Quels seront vos autres outils
de développement en 2002 ?
Nous allons moderniser le site dans sa globalité.
Nous allons continuer nos efforts sur la partie produits pour avoir une
gamme encore plus large en complétant notre offre de dernière
minute. Nous allons pour cela passer des accords avec des tours opérators.
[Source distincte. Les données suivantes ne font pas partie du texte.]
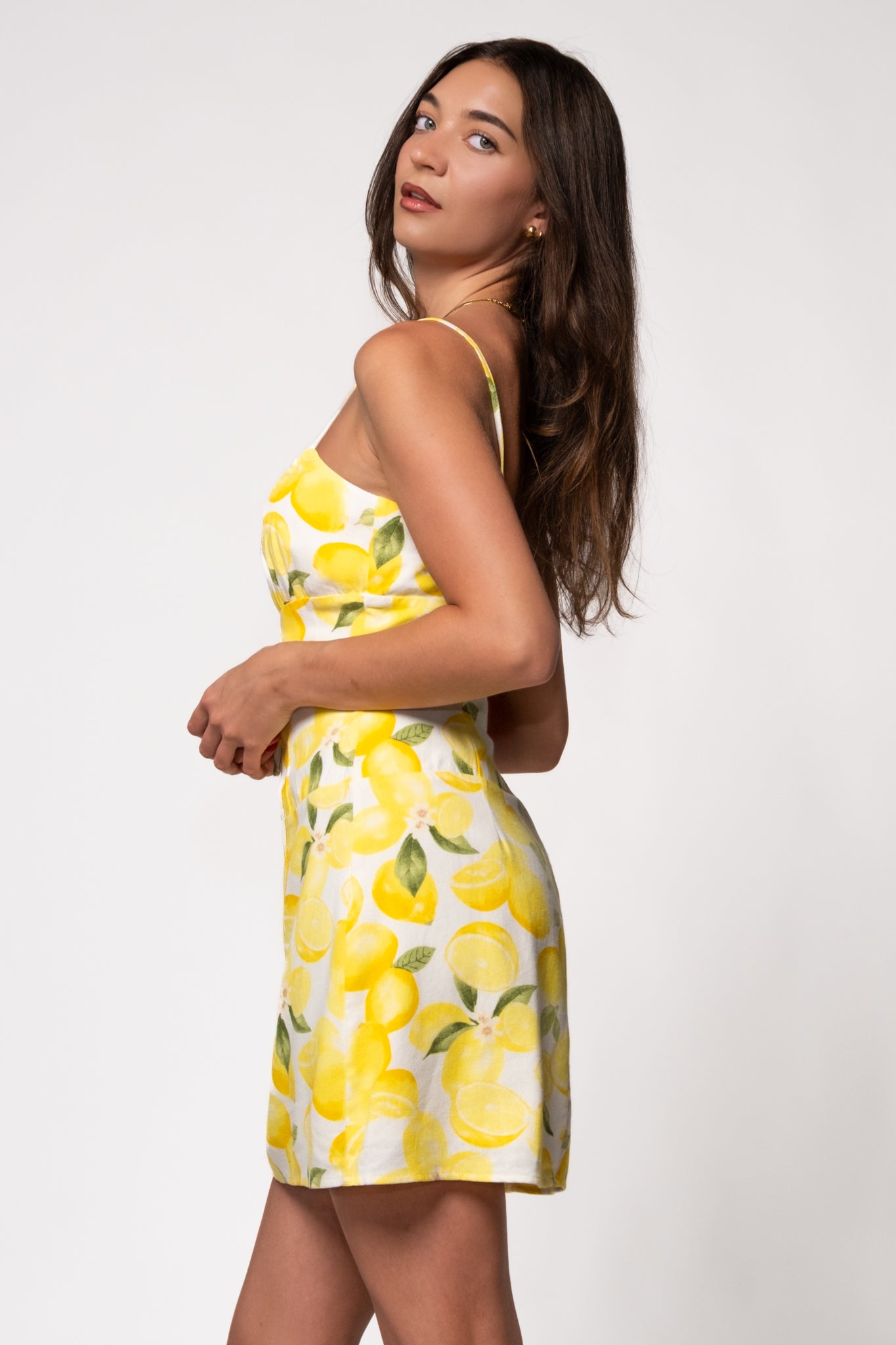 Lemon Print Cotton Mini Dress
Votre stratégie publicitaire
sera toujours axée sur Lastminute ?
Elle se fera sur nos deux marques et en continuité
avec ce que nous faisons depuis un an, c'est à dire un bloc marque
intégré avec les deux noms, mais en mettant toujours Lastminute
en avant. Quant aux médias utilisés, nous allons continuer
à communiquer on et offline avec la volonté toutefois de
recruter un nombre croissant d'acheteurs offline.
Vous pensez aux enchères
et aux ventes flash ?
Oui, tout à fait. Nous y travaillons
très activement et nous aurons bientôt, d'ici la fin mars,
des nouveautés dans ce sens [NDLR : le partenaire choisi est
Mixad]. Les enchères sur le Web, ce n'est pas nouveau. Mais
nous comptons l'aborder de manière novatrice et complémentaire
à notre offre.
Quels sont vos concurrents
sur le Net ?
Sur la dernière minute, nous n'avons
pas de concurrent. En revanche, nous avons des concurrents sur chacun
de nos segments. Sur la billeterie, c'est la Fnac, sur les cadeaux, c'est
Rueducommerce, sur les packages, c'est promovacances, et puis plus spécifiquement,
c'est Expedia-SNCF.
Quelles sont vos perspectives
au niveau groupe en 2002 ?
Nous projetons de continuer à avoir
une croissance à trois chiffres. En Angleterre et dans les autres
pays, nous sommes très confiants. Nous avons toujours pour objectif
d'être un intervenant majeur en Allemagne. On vient de lancer le
Japon, il y a un mois.
Quels seront vos sites préférés
?
Sporever.fr, car il est très bien
fait, et les fonctions d'Amazon.
Qu'est ce que vous préférez
sur Internet ?
J'aime sa culture internationale, son immédiateté
et sa complexité. On a voulu le réduire à quelque
chose de simple alors que c'est un média complexe sur le plan marketing,
technologique et pour en faire un business profitable.
Et qu'est-ce que vous détestez
?
Je déteste les gens qui se sont fait
le relais de bruits comme quoi Internet n'était pas sécurisé.
Cela me désole. En six ans, nous n'avons jamais eu un problème
en matière de sécurité des paiements. Aujourd'hui,
je suis impliqué dans le groupe "e-Commerce pour tous"
qui fait la promotion, avec l'Acsel, de la sécurité des
paiements sur Internet. Nous prenons un peu de retard par rapport à
nos voisins européens, et c'est dommage.